Transcribe exactly, and only, the lines from the one with "Apparatus and method" through the end of the records below, including both of those lines. Skip all pictures.
[MATERIAL PROVIDED Boundary: Start]
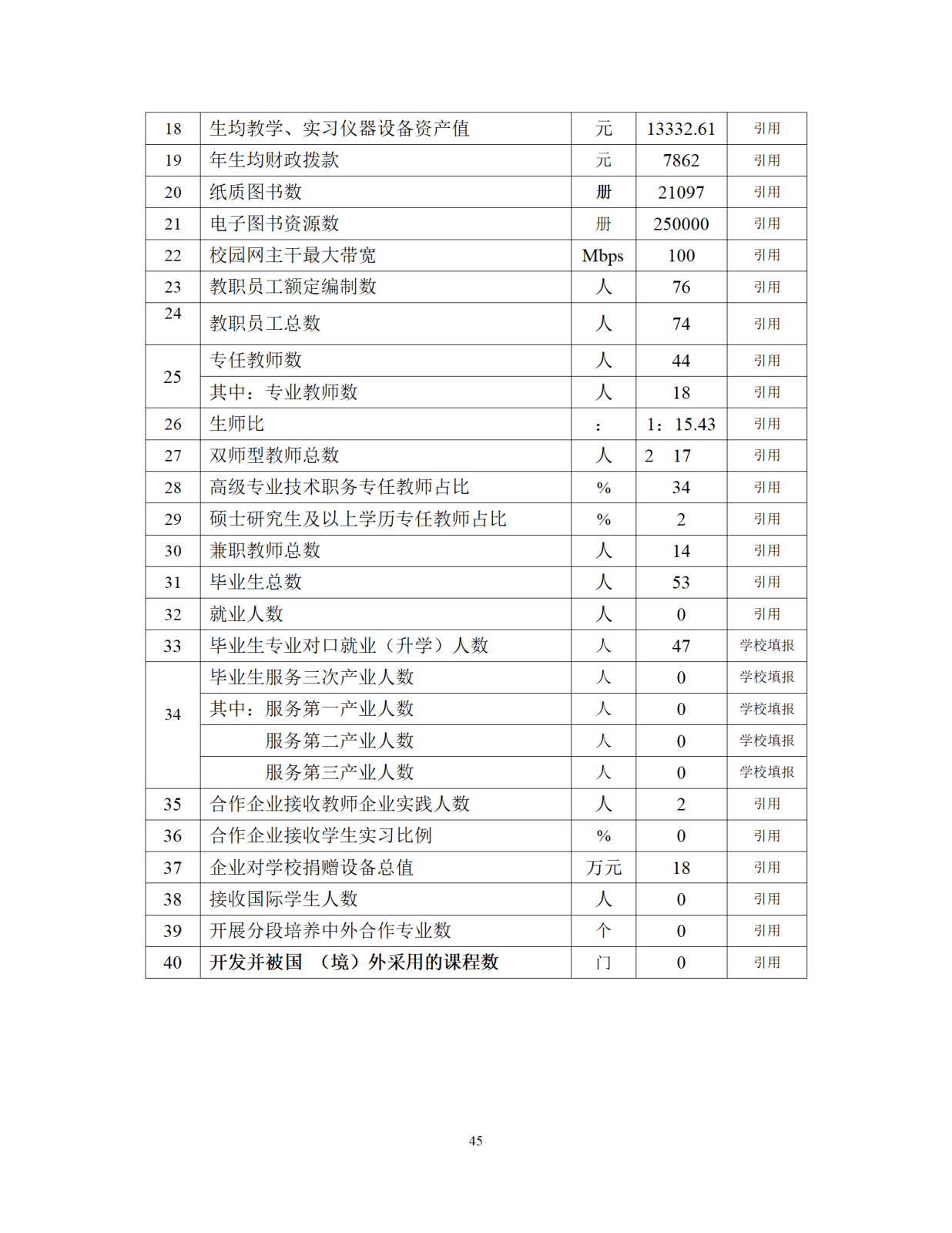 12.29镇赉职教年度质量报告（新）_46.png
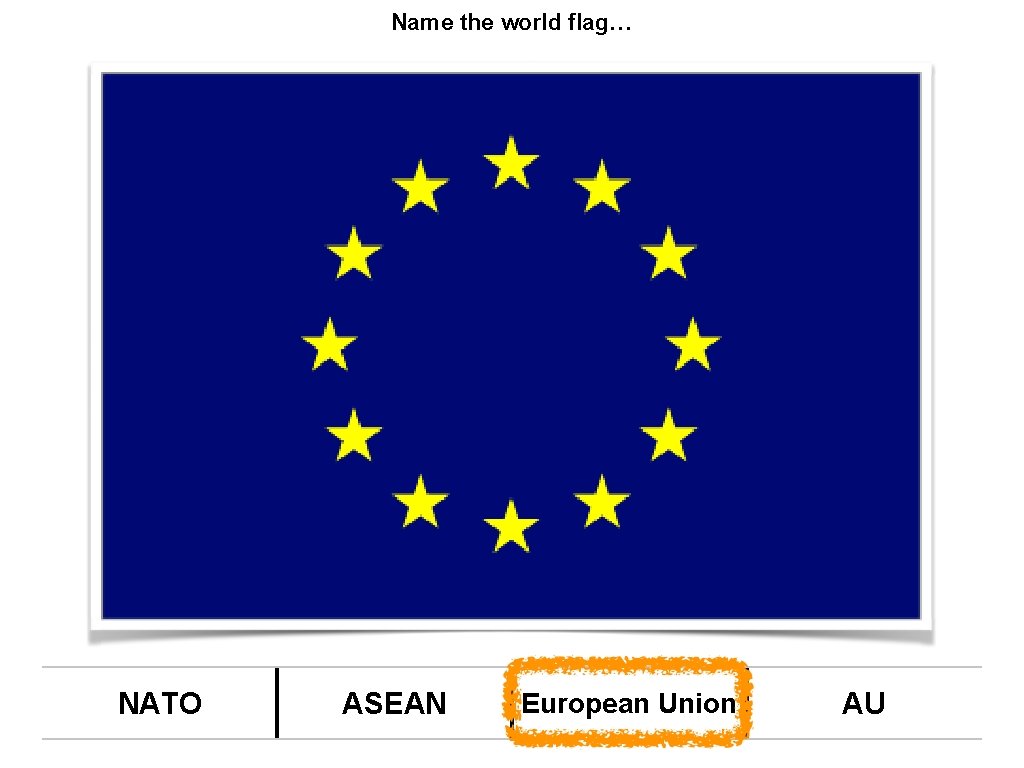 Name the world flag… NATO ASEAN European Union AU 
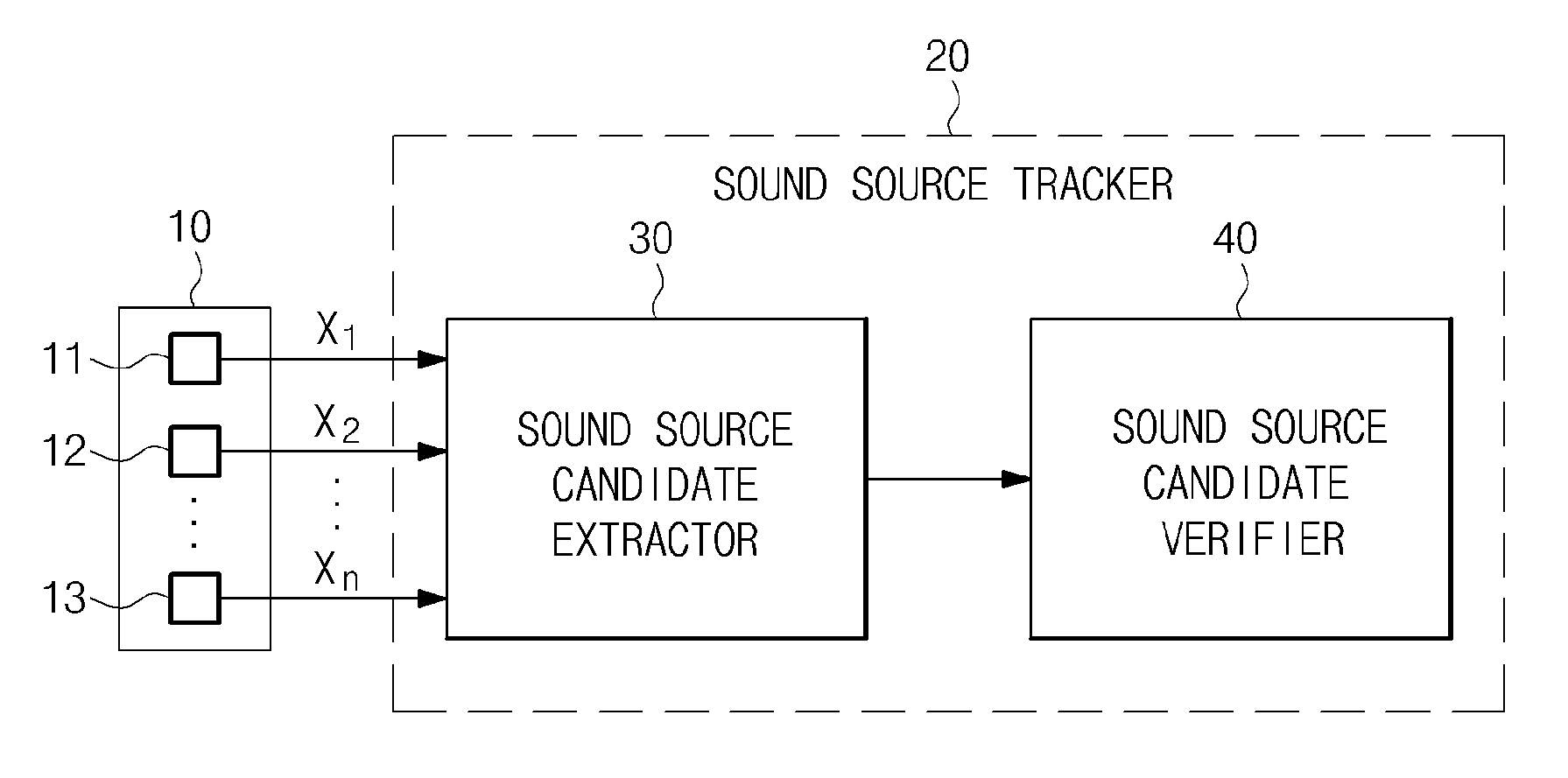 Apparatus and method for tracking locations of plurality of sound sources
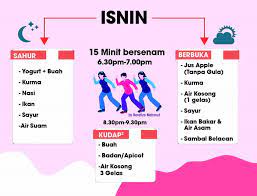 Sebab diet ini membutuhkan menu dan jadwal makan yang teratur. Target Nak Kurus Ini Jadual Diet Sepanjang Ramadan Untuk Korang Remaja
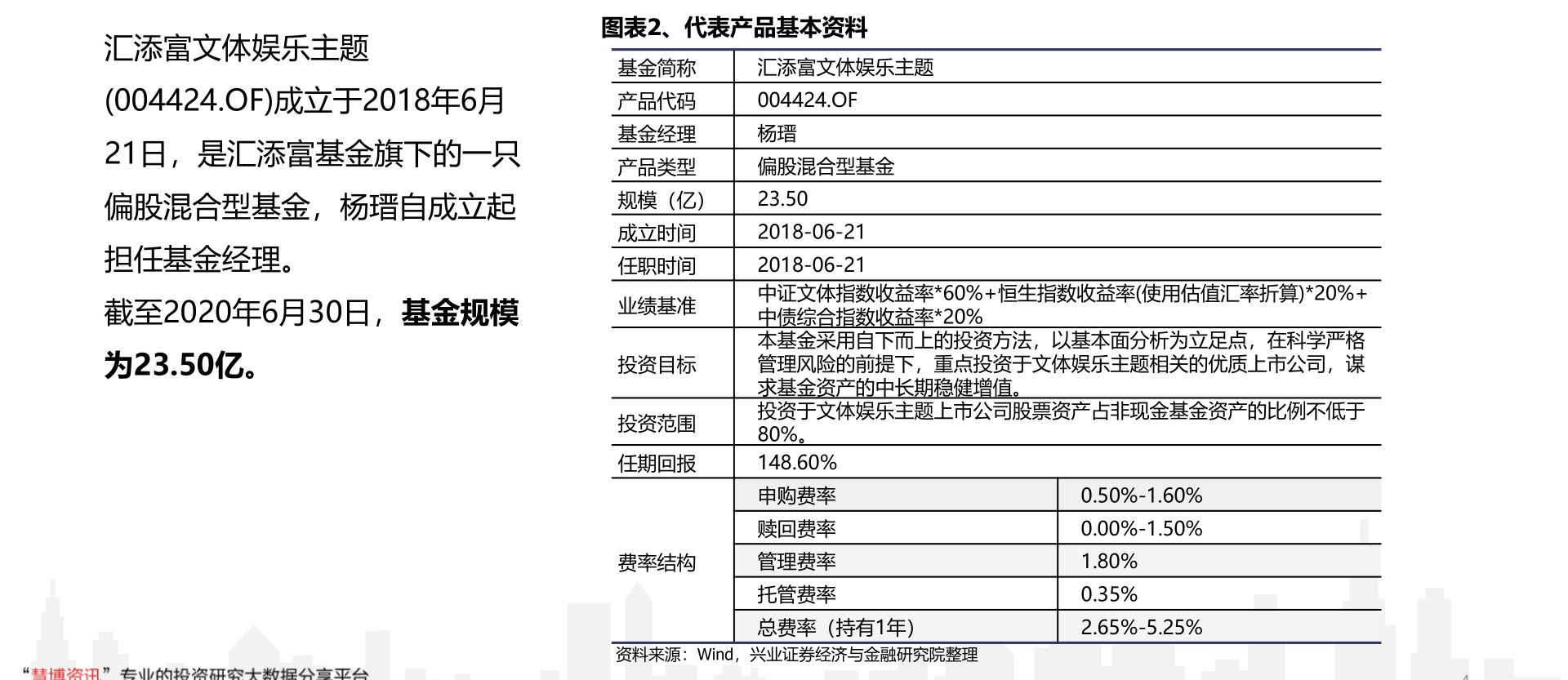 表现与净值走势深度解析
[MATERIAL PROVIDED Boundary: End]
● **WRITTEN RESPONSE**
 Apparatus and method for tracking locations of plurality of sound sources
 Sebab diet ini membutuhkan menu dan jadwal makan yang teratur. Target Nak Kurus Ini Jadual Diet Sepanjang Ramadan Untuk Korang Remaja
 表现与净值走势深度解析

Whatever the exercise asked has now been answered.